Lastly we come to the presentation which sits firmly on the Dragon Quest end of the anime spectrum. Everything has that very pristine and drawn “Japan’s idea of Fantasy” look which we all grew up with in games like Dragon Quest and Final Fantasy. Things are a little cutesy but not overbearingly so and there is enough variety in the enemies, items, and environments to keep things interesting. It’s a very basic look but just like the milquetoast story works very well with the laid back and relaxing yet endlessly addicting kingdom building gameplay. The music is a little all over the place but that’s because there’s way too damn much of it. There seems to be a different song or variation on a past song for every screen and character in the game and while most of it is quite good because there’s so much there it feels rather schizophrenic. Recorders, Spanish guitars, and I swear at one point a fucking washboard can all be heard in this game’s soundtrack and a consistent theme cannot be found throughout. That said I loved the Spanish guitar battle theme and the recorder tutorial music had me bobbing my head in idiotic glee. Put simply I really like the music in this game overall but it certainly does not seem to be a coherent part of the whole package.

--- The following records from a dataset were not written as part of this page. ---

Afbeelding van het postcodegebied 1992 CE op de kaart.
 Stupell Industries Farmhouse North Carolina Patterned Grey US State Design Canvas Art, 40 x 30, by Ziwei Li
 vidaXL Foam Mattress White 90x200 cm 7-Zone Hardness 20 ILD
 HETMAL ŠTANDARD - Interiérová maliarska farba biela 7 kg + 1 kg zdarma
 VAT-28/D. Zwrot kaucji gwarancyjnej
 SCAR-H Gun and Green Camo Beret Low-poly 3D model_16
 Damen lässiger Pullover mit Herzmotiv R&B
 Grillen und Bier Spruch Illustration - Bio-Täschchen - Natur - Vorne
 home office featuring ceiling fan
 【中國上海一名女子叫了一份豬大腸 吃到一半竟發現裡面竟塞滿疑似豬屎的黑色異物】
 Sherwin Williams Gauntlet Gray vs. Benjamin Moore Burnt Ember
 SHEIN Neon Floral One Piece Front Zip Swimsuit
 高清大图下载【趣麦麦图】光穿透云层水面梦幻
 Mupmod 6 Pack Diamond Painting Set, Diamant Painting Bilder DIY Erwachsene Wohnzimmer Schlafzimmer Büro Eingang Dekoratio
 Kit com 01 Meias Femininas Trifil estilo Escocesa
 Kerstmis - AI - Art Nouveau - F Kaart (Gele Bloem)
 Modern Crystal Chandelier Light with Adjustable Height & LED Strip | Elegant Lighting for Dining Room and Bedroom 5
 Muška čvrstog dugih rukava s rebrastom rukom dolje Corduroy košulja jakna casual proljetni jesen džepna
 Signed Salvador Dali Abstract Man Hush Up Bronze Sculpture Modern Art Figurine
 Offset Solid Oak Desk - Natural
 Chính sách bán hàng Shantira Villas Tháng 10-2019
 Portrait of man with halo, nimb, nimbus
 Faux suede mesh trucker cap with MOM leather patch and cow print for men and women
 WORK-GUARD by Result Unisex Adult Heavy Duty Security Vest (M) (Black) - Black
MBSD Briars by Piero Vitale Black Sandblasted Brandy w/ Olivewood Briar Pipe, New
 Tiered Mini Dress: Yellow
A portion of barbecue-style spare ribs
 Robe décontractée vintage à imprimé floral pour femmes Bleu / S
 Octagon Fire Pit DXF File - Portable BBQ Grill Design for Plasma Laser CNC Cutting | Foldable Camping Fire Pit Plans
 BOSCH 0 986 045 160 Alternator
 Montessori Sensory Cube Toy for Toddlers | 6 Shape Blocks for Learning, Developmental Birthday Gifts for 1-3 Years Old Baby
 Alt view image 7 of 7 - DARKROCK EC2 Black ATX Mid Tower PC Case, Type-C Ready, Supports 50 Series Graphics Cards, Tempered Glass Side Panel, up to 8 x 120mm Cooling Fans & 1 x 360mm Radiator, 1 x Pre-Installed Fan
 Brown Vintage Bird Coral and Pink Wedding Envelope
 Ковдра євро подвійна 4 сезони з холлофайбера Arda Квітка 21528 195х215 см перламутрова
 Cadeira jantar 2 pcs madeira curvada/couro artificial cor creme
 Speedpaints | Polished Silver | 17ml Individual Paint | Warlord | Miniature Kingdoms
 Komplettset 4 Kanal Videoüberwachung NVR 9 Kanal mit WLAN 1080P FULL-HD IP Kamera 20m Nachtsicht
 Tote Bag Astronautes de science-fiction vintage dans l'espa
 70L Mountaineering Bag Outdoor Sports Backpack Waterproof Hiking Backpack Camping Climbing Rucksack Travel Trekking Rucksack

So I went into this game with pretty much no expectations; I was thinking it’d be just another mediocre JRPG I’d slog my way through but instead I got the kind of obsessively fun experience that manages to get me to pull an accidental all-nighter. While it is certainly short for a JRPG at only 16 hours (at least on my playthrough, maybe I got the bad ending or something) I relished every one of those hours and was genuinely pissed off when it was over because I wanted to play more. So for the kind of addicting experience that makes even a jaded misanthrope like myself smile, I’m happy to give Atelier Meruru: Apprentice of Arland a 5 out of 5 stars. While the overt anime cuteness of this game will be too much for the greater gaming community to take if you’re already on the JRPG train and can deal with a bit of the anime then I cannot recommend this game enough, now if you’ll excuse me I have a second playthrough to start.